In recent years, collaboration on R&D has been slowly expanding between Japan and the EU. They have coordinated funding for research into an array of technologies, including 5G, the Internet of Things, big data, high-speed aircraft, the cloud and anti-icing systems. Japanese researchers have won 32 grants from the European Research Council, a funding line that supports some of the most successful open, "blue skies" research in Europe, and around 300 Japanese in total have been involved in ERC-funded projects.

Matsumoto says his researchers are open for more EU-funded opportunities, and are not put off – as some international institutes are – by humdrum EU grant paperwork. “Researchers hate to lose their time on this. Fortunately, Riken has very good management teams,” he said.
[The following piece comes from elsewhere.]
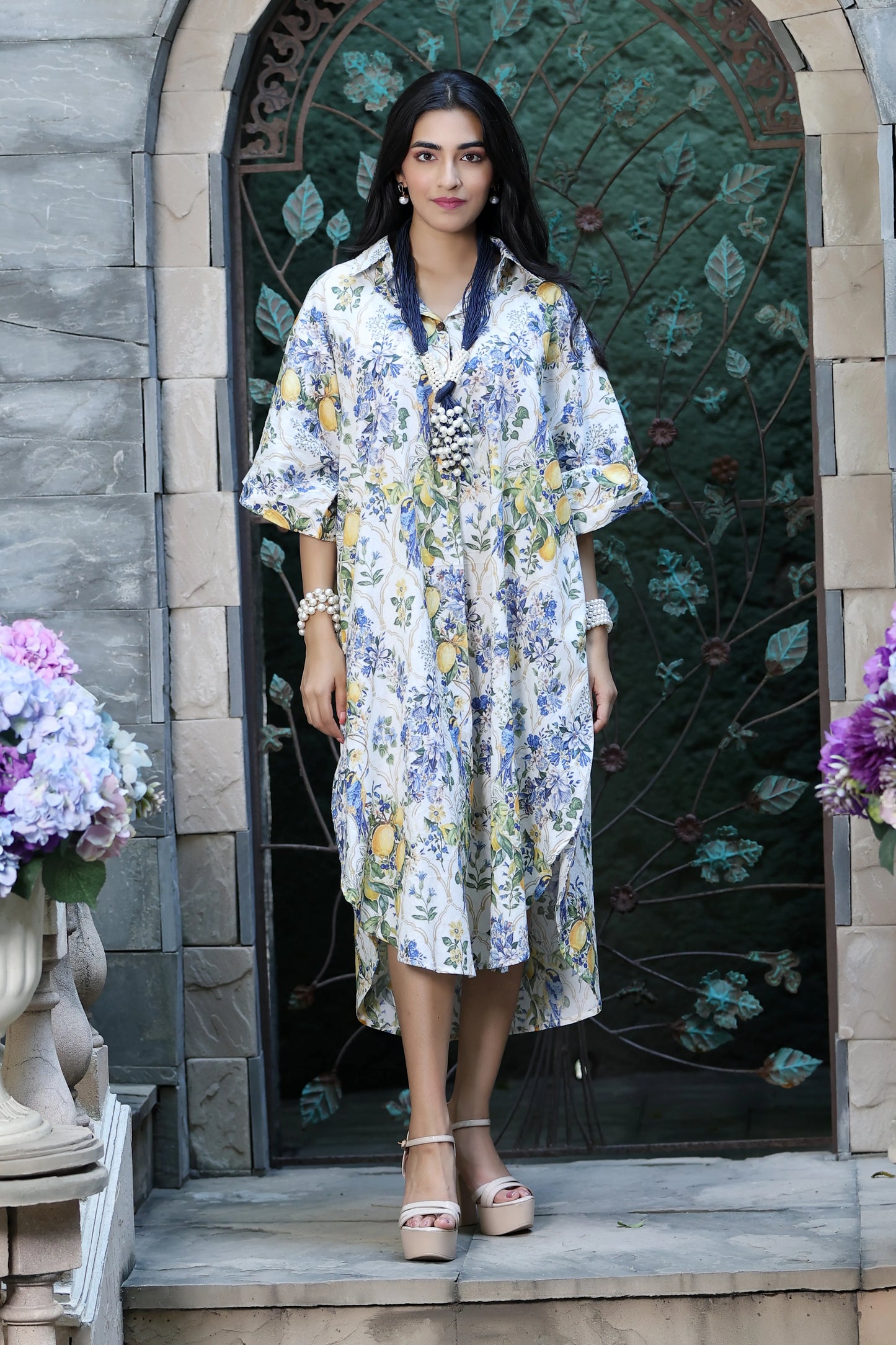 Boho Dress Lemon Print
The prep work could prove too laborious for other labs in Japan, he added. “In our universities, it’s the researchers that have to do all the tedious paperwork themselves.”

Spin-outs wanted

As well as fishing for more opportunities in Brussels, Matsumoto says he is trying to increase support to new start-ups at home. “We spin out companies but our [overall] efforts have been weak. I’m not happy,” said the president.

He wants to set up a new company to manage Riken’s intellectual property. “We are not allowed to set up a company for the moment [to commercialise Riken's scientific results]. If the legal situation improves, which is expected, we will set one up next year,” he added.

Although it remains the world’s third-largest economy, behind the US and China, Japan has trouble growing companies, with venture capital and risk-taking relatively scarce.

Matsumoto wants to make his facilities more accessible to fledgling companies. “More than 90 per cent of our companies [in Japan] are small-scale. Each company has been given very little opportunity to interact with each other. They wish to have a platform at Riken and I think this is very necessary for our society,” he said.

Matsumoto is also trying to shake things up for his researchers. His "White Brow" initiative offers seven-year contracts to young, promising scientists who don’t need to have doctorates. The white brow name is inspired by a nickname for Ma Liang, a young man in ancient Chinese history who rose to political prominence through skill and talent, and was said to have white strands of hair in his eyebrows.

White brow grant recipients will be encouraged to follow their own interests, with no need to worry about performance evaluation. Over 200 researchers applied to a first competition for only three posts. Each winner will be awarded 50 million yen – a sum 10 to 20 times larger than the average funding they would get from universities, Matsumoto said.

The scheme offers uncommon flexibility for scientists. “These days, young scientists have to be slaves to senior scientists. That is a very bad situation,” Matsumoto said.